PROBLEM TO SOLVE:
Without the pictures, give the entries below again exactly as written.
........
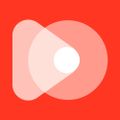 Profile picture newsdecoder.bsky.social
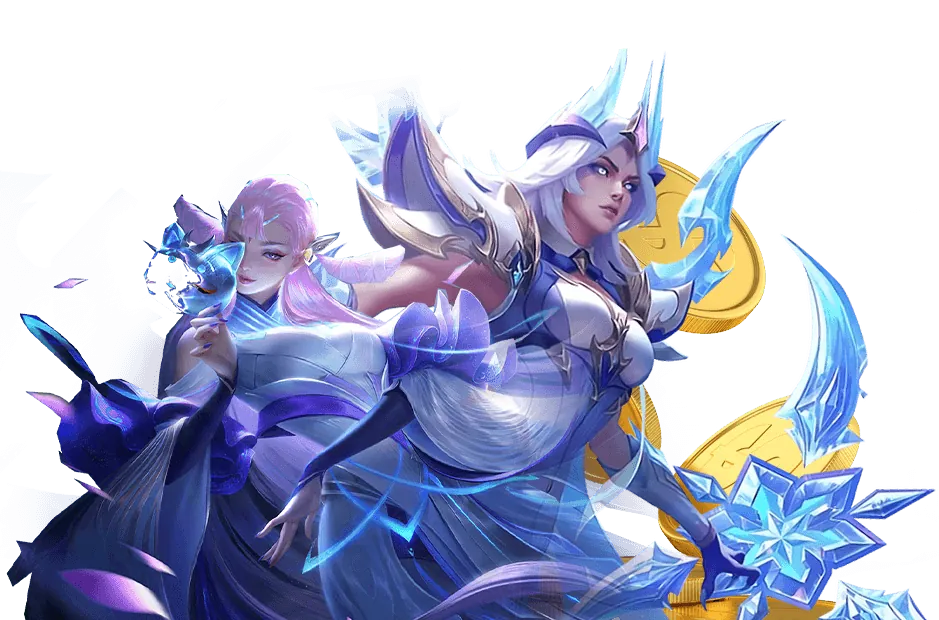 Mã hóa SSL/TLS tiên tiến trên ứng dụng 888sport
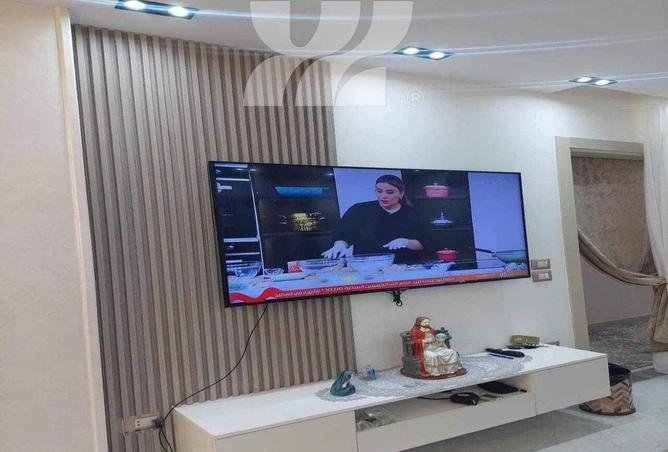 105446680 - Property Image 3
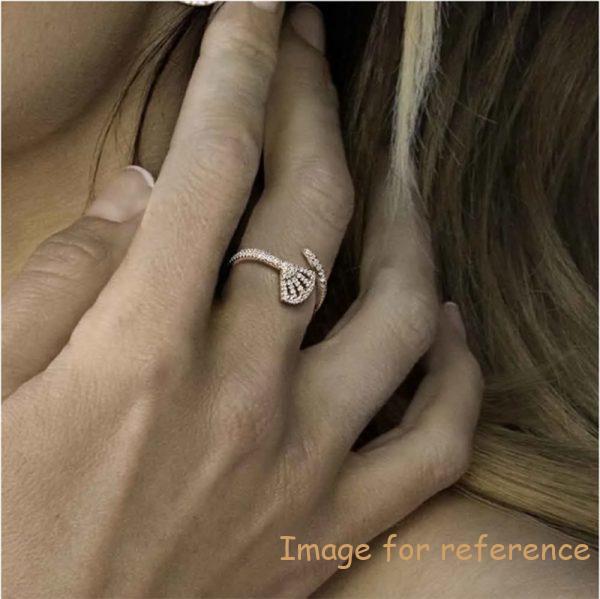 custom ring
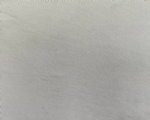 NC-2078 ONE-WAY MOISTURE TRANSPORT 31.9 recycled polyester 59.5 polyester high quality elastane fabric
........
ANSWER BELOW:
 Profile picture newsdecoder.bsky.social
 Mã hóa SSL/TLS tiên tiến trên ứng dụng 888sport
 105446680 - Property Image 3
 custom ring
 NC-2078 ONE-WAY MOISTURE TRANSPORT 31.9 recycled polyester 59.5 polyester high quality elastane fabric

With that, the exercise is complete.